If you think the teens are happy about it, you’re wrong.

“For a lot of the kids in my class, it’s shocking because it’s never happened before,” said N’Dia Webb, a senior at Strawberry Crest High School in eastern Hillsborough County. “But it feels not so much a relief as you’d think it would.”

Webb said she and her classmates have studied so hard for the exams, which are the culmination of their IB coursework and help determine whether they qualify for a special diploma. They were ready to knock the tests out of the park.

What’s more, many of the assignments remaining in their classes were focused on further preparations. So the question becomes, what’s left for the remaining weeks of classes?

“We don’t know where it’s going,” Webb said. “I’m just going with the flow at this point.”

Ryan Haczynski, one of her IB teachers at Strawberry Crest, said he received emails and text messages from his students as soon as the news emerged. Many — especially seniors — were frustrated and concerned that the cancellation might mean they won’t get their diploma, which can lead to college credits at some schools.

That shouldn’t be the case, though.

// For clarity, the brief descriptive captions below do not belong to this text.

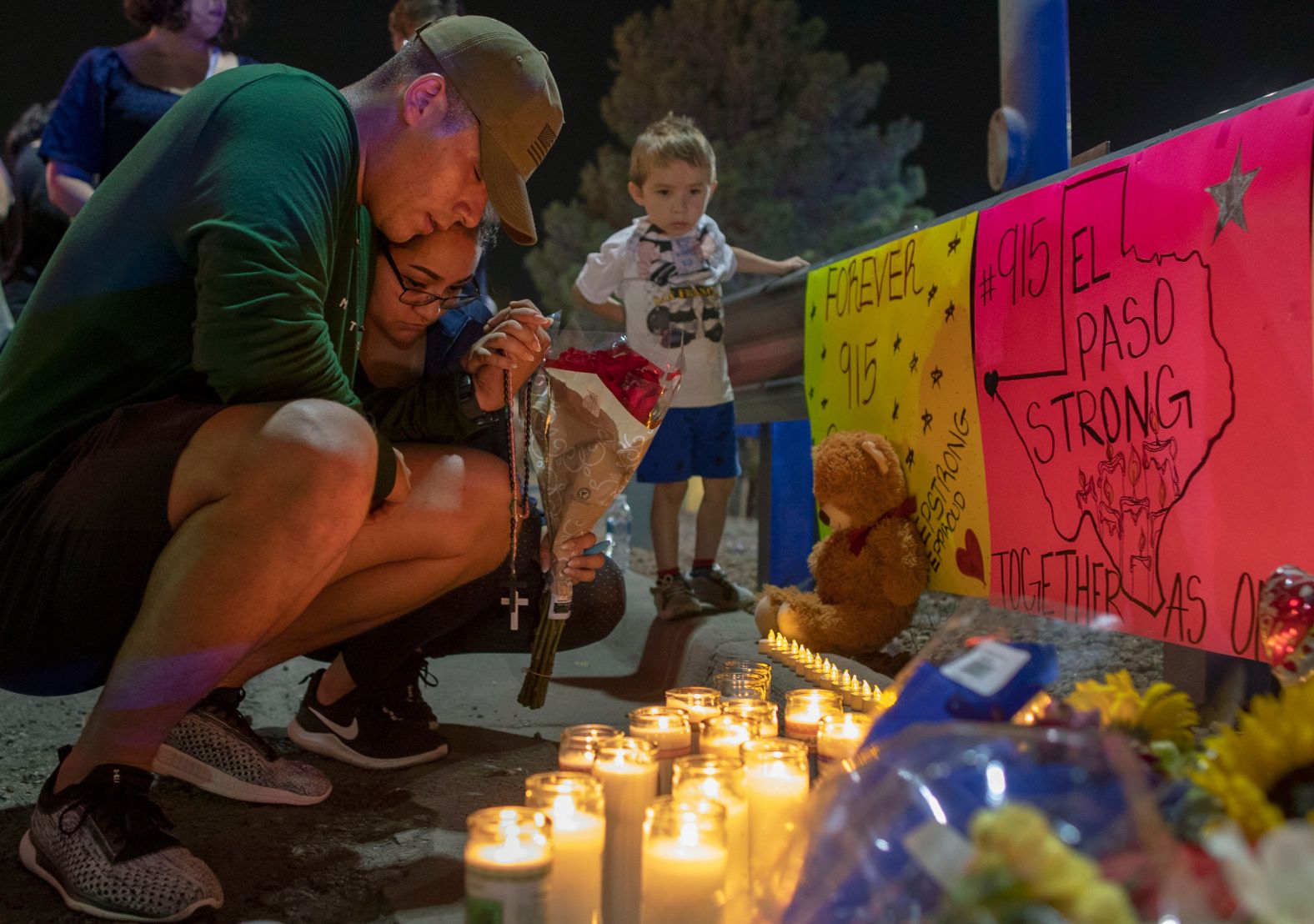 Mourners pray at a makeshift memorial for the victims of the El Paso shooting.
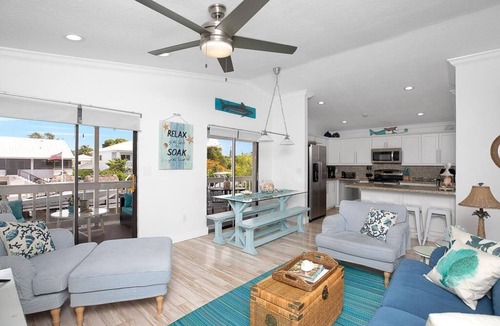 Sunshine Estates House | Experience the relaxing vibe at Heavens Reel, a spacious 3-bedroom canal home in Tavernier.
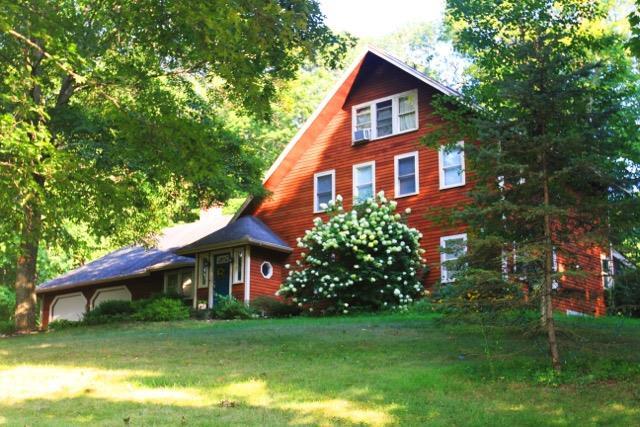 a view of a house with a big yard plants and large trees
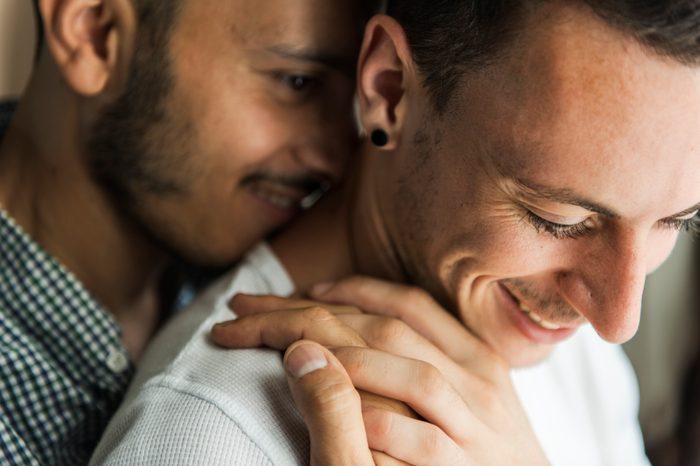 gay couple embracing at home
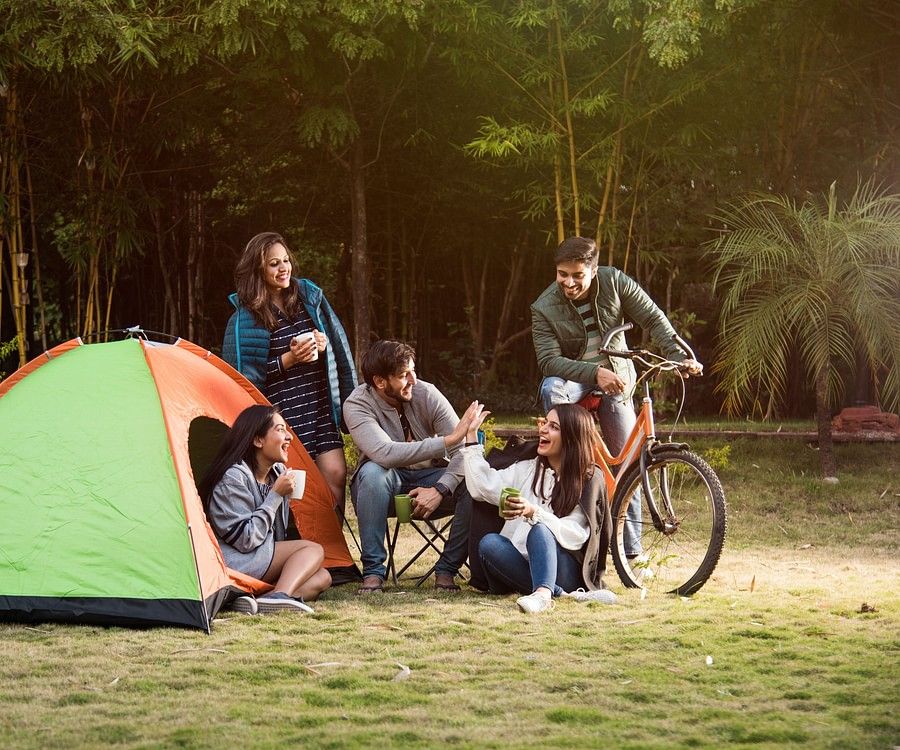 alt-text  A group of six people, including adults and teenagers, are gathered around a campsite with a green and orange tent. They are enjoying a meal and drinks together, with bicycles parked nearby.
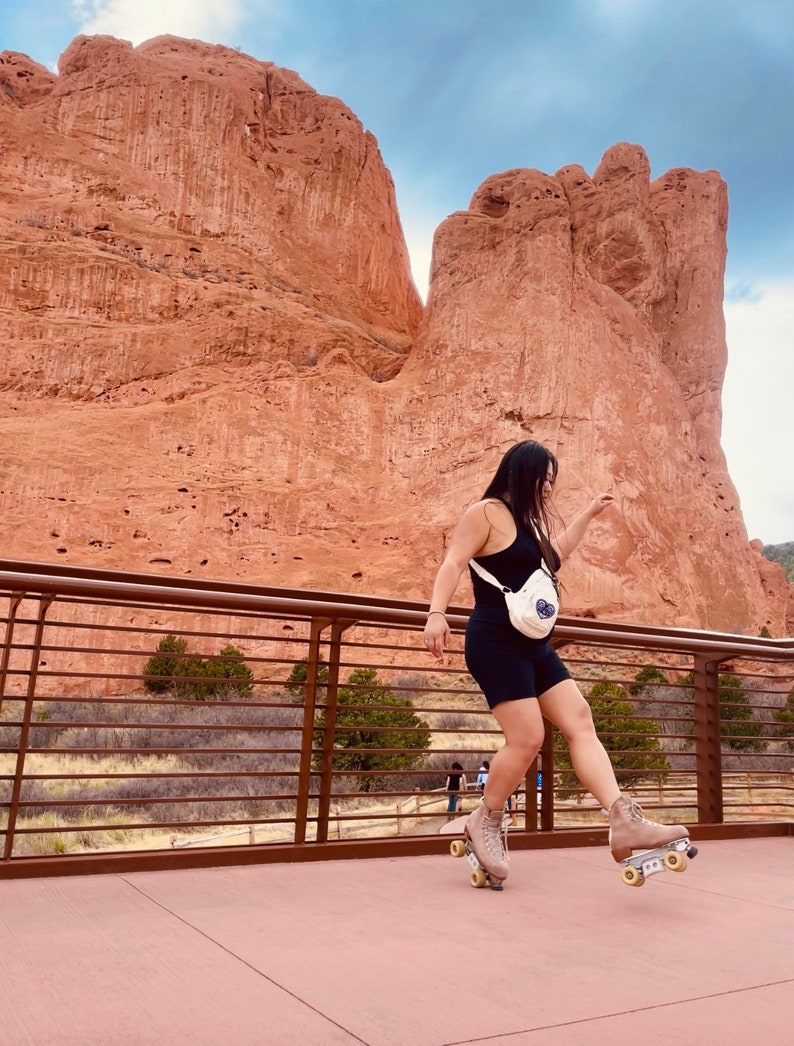 May include: A person wearing a black tank top and black shorts is roller skating on a paved path. The person is wearing a white bag with a blue design. The background is a red rock formation.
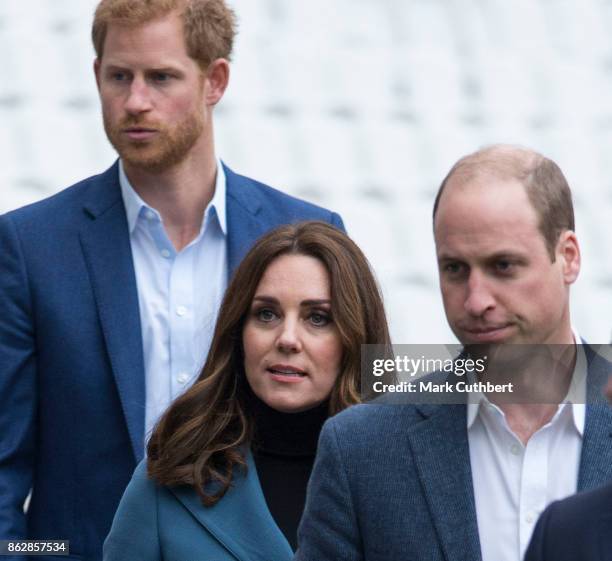 Prince William, Duke of Cambridge and Catherine, Duchess of Cambridge with Prince Harry attend the Coach Core graduation ceremony for more than 150...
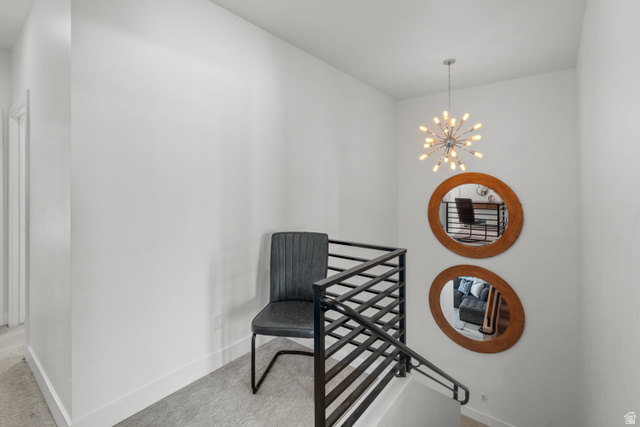 1122 South 1790th West, Unit 1 St. George, UT 84770 - Photo 18 of 37 Staircase featuring contemporary metal railings, plush carpeting, and a modern sputnik chandelier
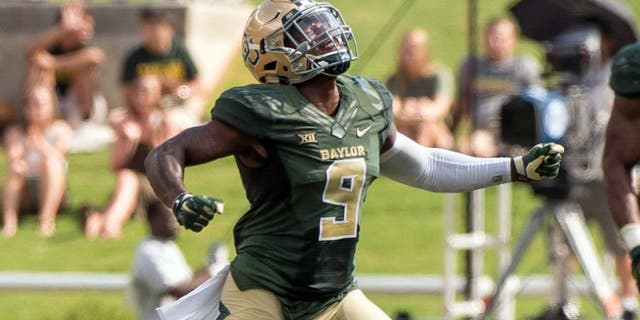 Sep 26, 2015; Waco, TX, USA; Baylor Bears cornerback Ryan Reid (9) celebrates blocking a field goal attempt by the Rice Owls during the second quarter at McLane Stadium. Mandatory Credit: Jerome Miron-USA TODAY Sports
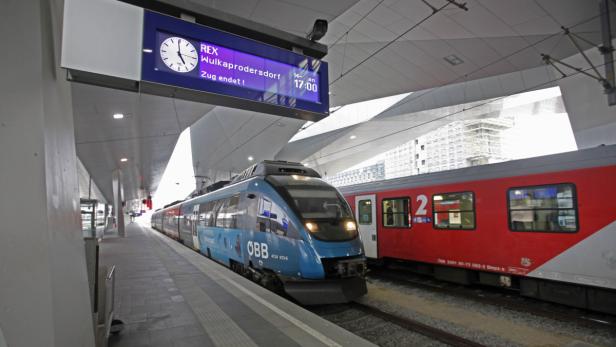 Ein blauer ÖBB-Zug steht am Bahnsteig in einem Bahnhof.
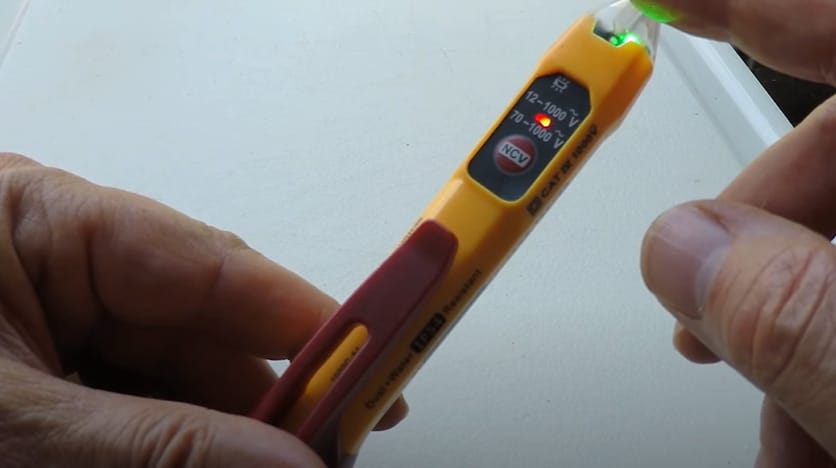 A person is holding a non-contact voltage tester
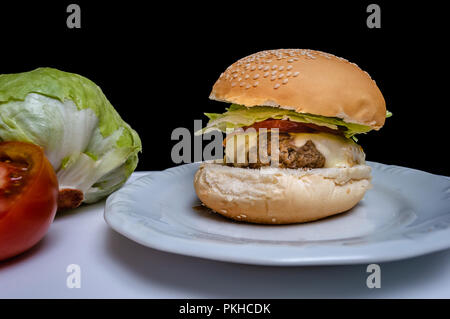 Cheeseburger with fresh tomato and lettuce isolated on black background Stock Photo
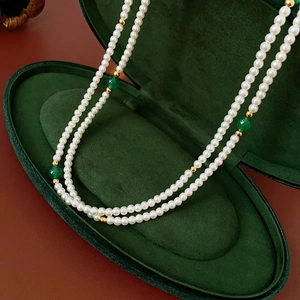 Detail of layered pearl necklace with green agate beads in a luxury green velvet box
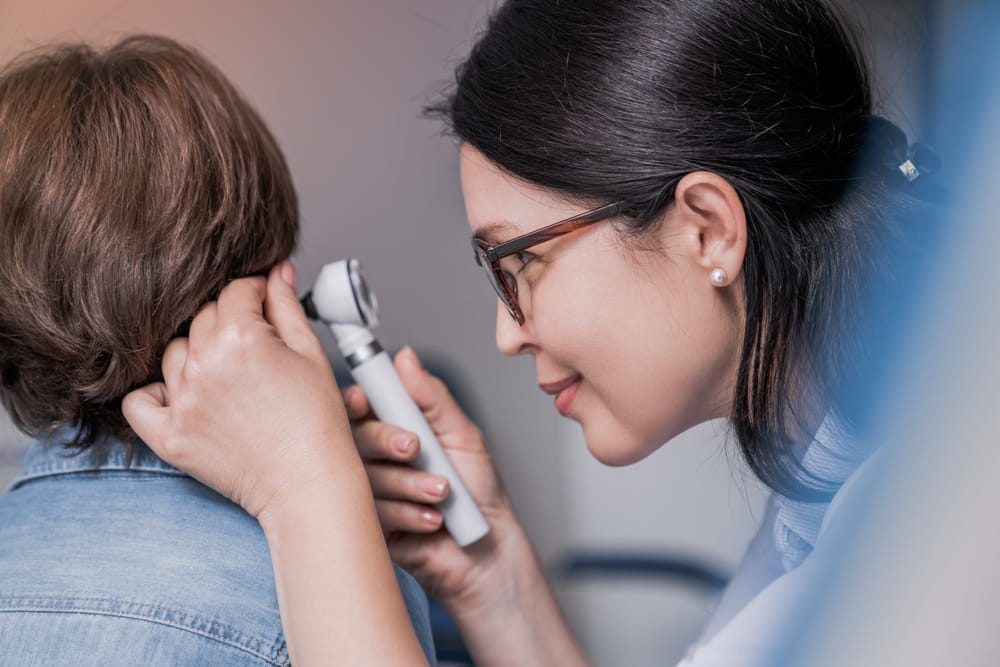 Close up of doctor examining boy's ear with otoscope in medical cabinet. Barotrauma laryngitis otitis ear treatment.
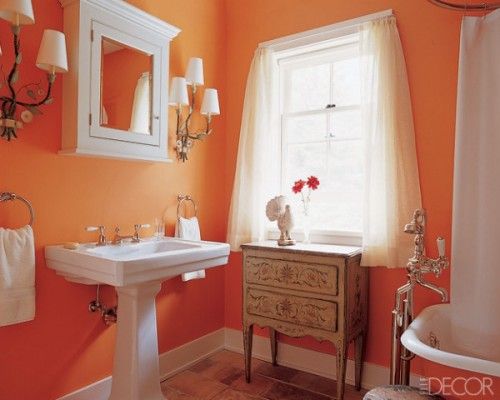 I once had a bathroom this orange. It sure does wake you up in the .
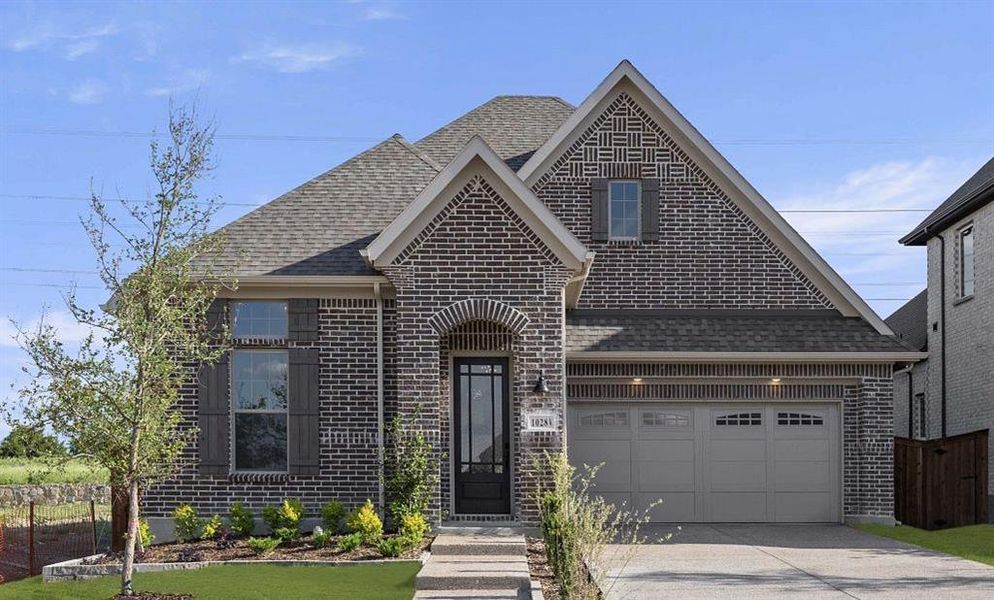 Front exterior of a new home in Inspiration, Wylie, TX, highlighting curb appeal (Image 13).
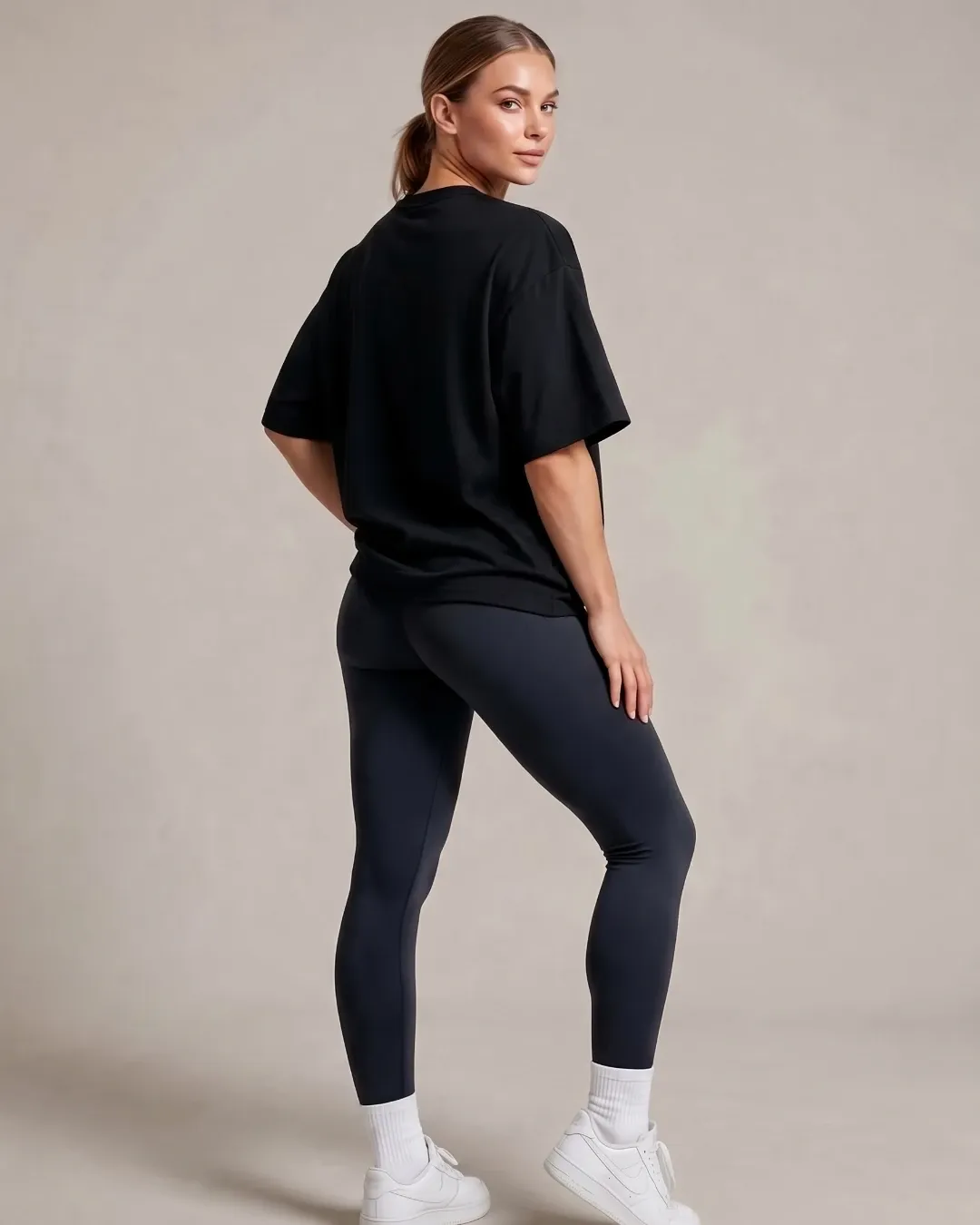 Female model wearing the black SQUATRAT SR-T-003 minimalist oversized T-shirt, full-length back view.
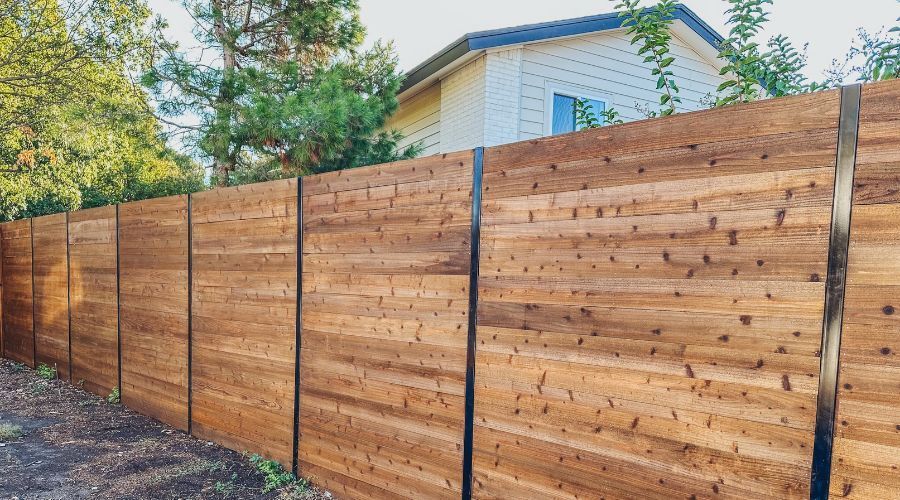 Modern horizontal wood privacy fence with sleek black metal posts installed at a residential propert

In a memo posted late Monday, IB officials said the decisions on official diplomas will be based on other course assignments that reflect their “standard of work” over time.

“For every IB course, students submit multiple assessments over two years of instruction,” IB director general Siva Kumari said in a blog post interview. We will be taking those scores into account, using predictive analytics tools and engaging the 15,000 examiners who ordinarily would be reviewing the exams as we pivot to a new way of reviewing an individual’s body of work."

The organization expects to reveal more details about the plan later this week.

“Really, we’re in a holding pattern while awaiting more specifics,” said Jeff Morgenstein, principal of Pasco County’s Gulf High School, which also has an IB program.

Around the bay area, four Hillsborough County district high schools offer International Baccalaureate, along with three Pinellas district schools, two Pasco district schools and one Hernando district school.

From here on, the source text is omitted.